Het nieuwe sleutelwoord ‘Verbinding’ is daarin centraal geworden. Ondertussen klassiek, is bijvoorbeeld hoe de ondergrondse wortelstelsels van bomen met elkaar communiceren, vaak in samenwerking met schimmels. Knabbelt er een herbivoor aan een blaadje, dan zal er een uitwisseling van stofjes plaatsvinden die een boom honderd kilometer verderop signaleert over de situatie. Die boom begint vervolgens met het lokken van stekende mieren doormiddel van zoete substanties 1. Om plantaardige cellen binnen te dringen, hebben soorten bacteriën en schimmels de eigenschap om omringend water te doen laten bevriezen bij temperaturen die daar normaal gesproken niet geschikt voor zijn. Wanneer deze micro-organismen in de lucht terecht komen, vaak waar bossen zich bevinden, kan dit eerder tot wolkvorming, neerslag of hagel lijden 2. Zo zijn er ontelbare onbekende verbindingen waar we nog geen weet van hebben. “Als ik dit dennetje aanraak, heeft dat direct een effect op deze hele omgeving” zegt Jeroen. De omgeving neemt jou als mens als het ware waar. Een ander soort waarnemen dan dat wij die kennen echter. Het heeft de wetenschap lang gekost om dit sleutelwoord van verbinding te erkennen maar het is een lachertje voor veel inheemse volkeren voor wie deze verbindingen altijd een vanzelfsprekendheid is geweest. Ratio en ervaring lijken meer toenadering tot elkaar te vinden.
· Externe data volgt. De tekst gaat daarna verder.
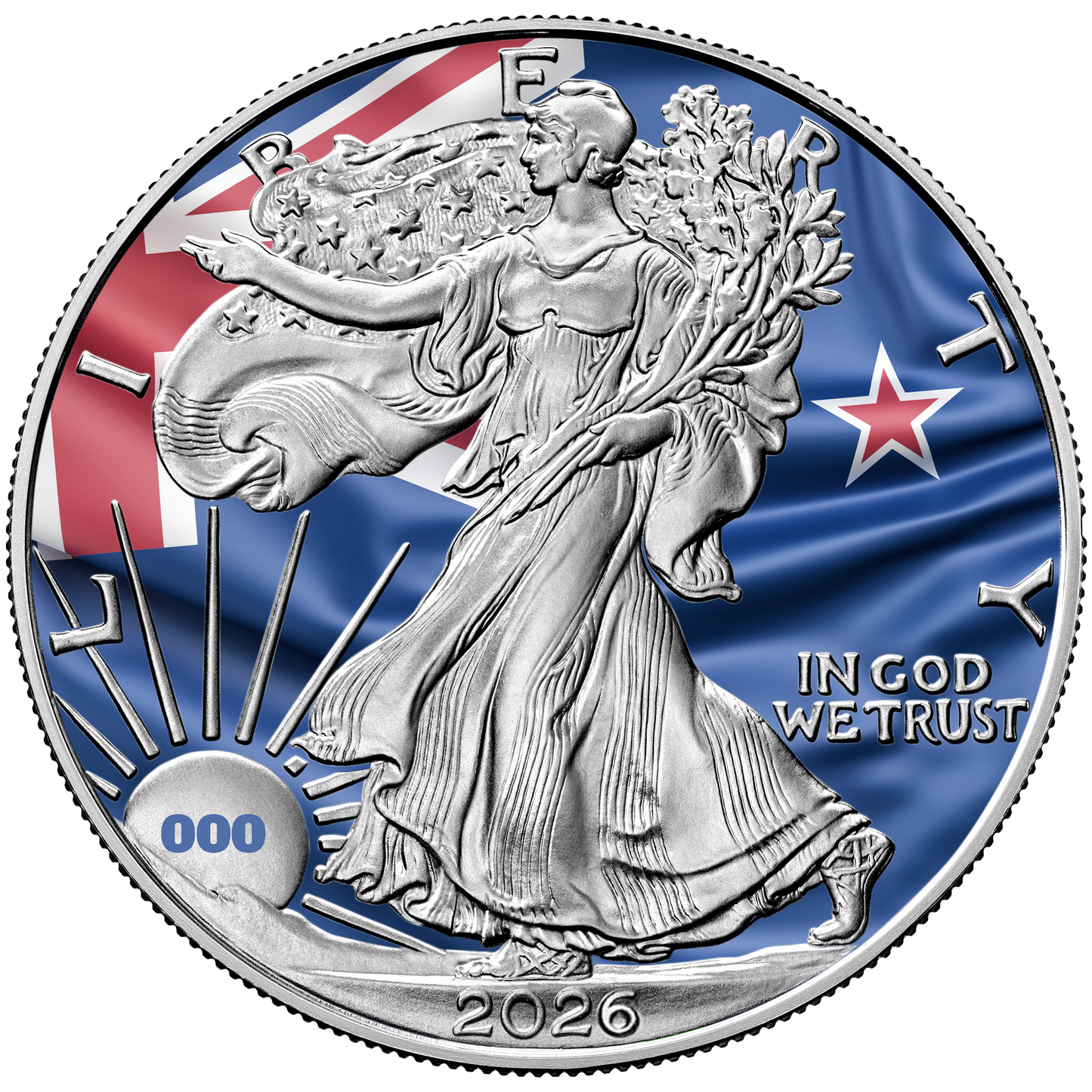 2026 Flags of the World Silver Eagle - New Zealand - First Edition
En met die gedachten in ons achterhoofd sloegen we het pad af het bos in. Een perceel waar volgende week de ‘harvester’ aan het werk gaat. Bomen met verscheidene markeringen poppen op. Rode stippen, blauwe strepen. Uitroeptekens en pijlen. Ze zijn “geblest” is vakjargon. Of zijn ze ge-cursed? Ja en nee, want sommigen moeten juist blijven staan en andere mogen om. En daar is over nagedacht: scheefgroeiende bomen zitten andere in de weg en leveren geen kwaliteit-A hout op. Spechtenholen en roofvogel horsten moeten in takt blijven. Het kapbeheer is mutualistisch opgezet. Het ecologisch functioneren kan ervan profiteren wanneer het goed uitgevoerd wordt: een verwijderde boom kan successie op gang helpen en meer diversiteit in de hand werken. Willen de bomen niet graag gekapt worden? Dat de talloze aanwezige verbindingen met zo’n actie aangetast raakt is zeker. Een boom staat niet op zichzelf.
De actie van het omkappen staat ook niet op zichzelf. Onherroepelijk komen er van alle kanten mensen die zich afvragen wat er met hun favoriete laantje bomen is gebeurd. In de discipline van natuurconservatie spreken we dan ook van ‘socio-ecological systems’ 3. Er bestaan talloze onlosmakelijke verbindingen met mensen en het bos. We zijn er niet los van te denken, net als de herbivoor en de microbe. Wanneer we onze maisvelden met rust zouden laten, veranderen ook deze in bos. Wat het goede is om te doen met een bos is in die zin dus geen juiste vraag. In deze veranderende tijden verwachten mensen dat er een antwoord is op de vraag, maar het antwoord met een eenduidige stip aan de horizon zal men niet krijgen. De vraag is eerder hoe we met de bossen om willen gaan. Kennis die we hebben over het bos lijkt niet meer genoeg te zijn om die vraag fatsoenlijk te kunnen beantwoorden omdat we dan in het goede of foute terugvallen. Als we onszelf weer als onderdeel zien van deze systemen en vanuit die talloze verbindingen gaan handelen, misschien wordt ons dan ‘als vanzelf’ duidelijk hoe we moeten handelen en zal de kennis die wij daarover hebben een dienend gevolg zijn.